Pero los bordes son donde suelen ocurrir los problemas. Para solucionarlo, utilizamos conectores reforzados y juntas de fluoroelastómero resistentes al calor. Estos componentes garantizan que el aire explosivo no pueda entrar, manteniendo el gas inerte dentro de su lugar adecuado.
Controlar el calor (de la manera correcta)
En una fábrica, “lo suficientemente cerca” no es suficiente. Es necesario que la temperatura se mantenga exactamente donde se ha establecido.
Utilizamos lámparas infrarrojas de onda corta. ¿Por qué? Porque impactan rápidamente sobre la superficie a tratar. De esta manera, se obtiene el calor necesario sin que toda la cámara se convierta en un horno. Esto evita que los recipientes que contienen los productos químicos se sobrecalienten, lo cual es una gran ventaja. También ajustamos la potencia por centímetro para evitar puntos calientes excesivos.

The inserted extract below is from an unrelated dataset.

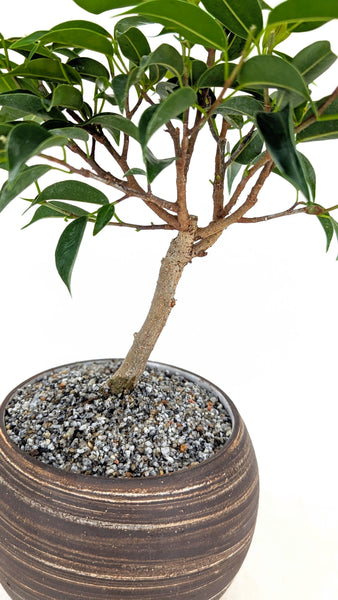 'Anora' the Weeping Fig in Dune Planter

Un punto importante a tener en cuenta es el flujo de aire. Estas lámparas se calientan mucho en sus extremos. Si la ventilación no está diseñada para soportar esa cantidad de calor, los sellos pueden fallar o el aislamiento del cable puede derretirse. Es un error simple, pero con consecuencias graves.
Hacer que funcione en la práctica
Lo mejor es que estas unidades están diseñadas para reemplazar directamente las existentes. No es necesario rediseñar toda la línea de producción.

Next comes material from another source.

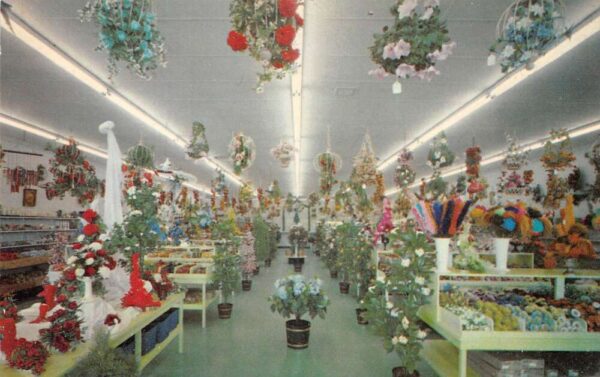 Florida Eiss Permanent Flowers and Foliage Florist Craft Store Postcard AA88356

Utilizamos carcasas aisladas y cables a prueba de explosiones para evitar cualquier posibilidad de acumulación de electricidad estática. Al mantener los componentes eléctricos completamente separados de los productos químicos, el riesgo de chispas prácticamente desaparece.
Esto significa que puedes utilizar estos ciclos de limpieza a altas temperaturas sin preocuparte por activar accidentalmente el sistema de extinción de incendios de la fábrica.